Task inputs
=-=-=
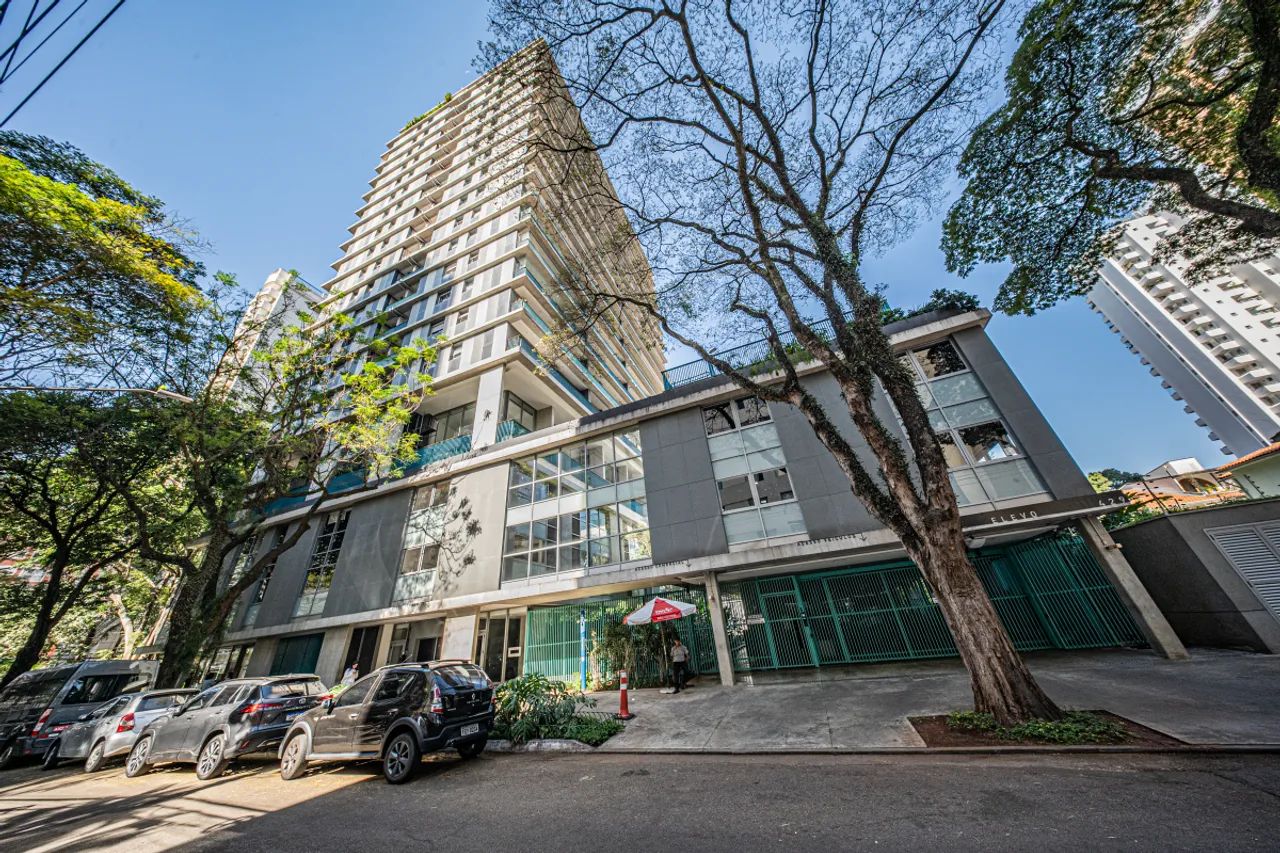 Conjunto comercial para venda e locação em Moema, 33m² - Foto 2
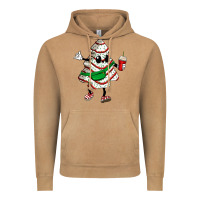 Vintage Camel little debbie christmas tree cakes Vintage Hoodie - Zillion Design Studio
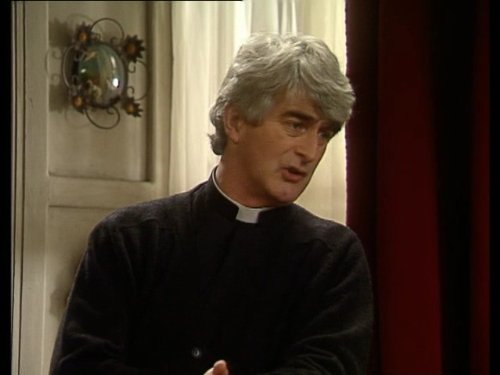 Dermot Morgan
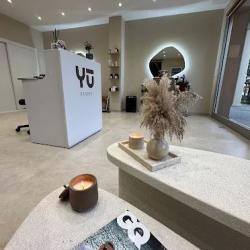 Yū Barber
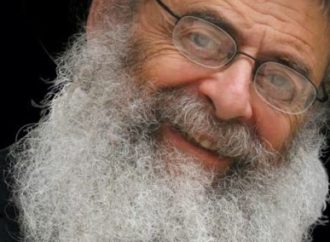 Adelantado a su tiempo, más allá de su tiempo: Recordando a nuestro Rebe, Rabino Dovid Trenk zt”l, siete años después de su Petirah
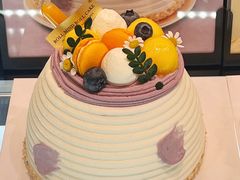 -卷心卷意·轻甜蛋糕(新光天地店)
=-=-=
What you need to do
From the line containing "Vintage Camel little" through the last line of the listing, inclusive, transcribe every line exactly and nothing else; the pictures stay out.

Output
 Vintage Camel little debbie christmas tree cakes Vintage Hoodie - Zillion Design Studio
 Dermot Morgan
 Yū Barber
 Adelantado a su tiempo, más allá de su tiempo: Recordando a nuestro Rebe, Rabino Dovid Trenk zt”l, siete años después de su Petirah
 -卷心卷意·轻甜蛋糕(新光天地店)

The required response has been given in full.